Donna Kennedy (born 16 February 1972) is a Scottish rugby union coach and former international player who played for the national team from 1993 to 2010. She was the world's most-capped women's player from 2004 to 2016 and the first Scottish player — woman or man — to reach 100 international caps. As of November 2017, she remains the most-capped player in Scotland with 115 caps.
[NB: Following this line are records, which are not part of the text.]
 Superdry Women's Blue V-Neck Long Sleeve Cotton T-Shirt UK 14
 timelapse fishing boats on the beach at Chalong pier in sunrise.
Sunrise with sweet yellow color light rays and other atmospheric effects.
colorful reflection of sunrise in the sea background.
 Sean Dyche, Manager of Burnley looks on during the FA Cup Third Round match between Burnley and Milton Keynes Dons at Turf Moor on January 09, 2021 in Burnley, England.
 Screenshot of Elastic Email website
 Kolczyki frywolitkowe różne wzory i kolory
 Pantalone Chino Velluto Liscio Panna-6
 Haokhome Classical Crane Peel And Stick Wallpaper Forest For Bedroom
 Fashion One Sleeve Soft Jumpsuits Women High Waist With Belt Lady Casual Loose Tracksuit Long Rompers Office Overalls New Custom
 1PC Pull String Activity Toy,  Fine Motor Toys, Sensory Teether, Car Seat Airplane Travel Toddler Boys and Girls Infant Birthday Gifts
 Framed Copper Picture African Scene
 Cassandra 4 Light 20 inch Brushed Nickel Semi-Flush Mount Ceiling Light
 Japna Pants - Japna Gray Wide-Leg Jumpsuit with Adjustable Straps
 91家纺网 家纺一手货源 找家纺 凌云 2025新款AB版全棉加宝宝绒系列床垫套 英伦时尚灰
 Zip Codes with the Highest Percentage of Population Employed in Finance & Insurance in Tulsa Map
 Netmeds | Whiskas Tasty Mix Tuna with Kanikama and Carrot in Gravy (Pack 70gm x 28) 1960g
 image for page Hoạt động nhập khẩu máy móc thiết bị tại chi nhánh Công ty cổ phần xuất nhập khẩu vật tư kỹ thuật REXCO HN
Kennedy was named the IRB (Note: International Rugby Board, known since November 2014 as World Rugby.) International Women's Personality of the Year in 2004. In 2015, the Donna Kennedy Cup, an annual top-level women's rugby competition, was launched in her honour. In 2017, she was inducted into Scotland's Rugby Hall of Fame. Kennedy was inducted into the World Rugby Hall of Fame in 2024.

==Club rugby==
Kennedy was born on 16 February 1972. She started playing rugby with Biggar RFC around 1991 aged 19. She then played for the Heriot Watt rugby team. In 1995, she played for Edinburgh Wanderers.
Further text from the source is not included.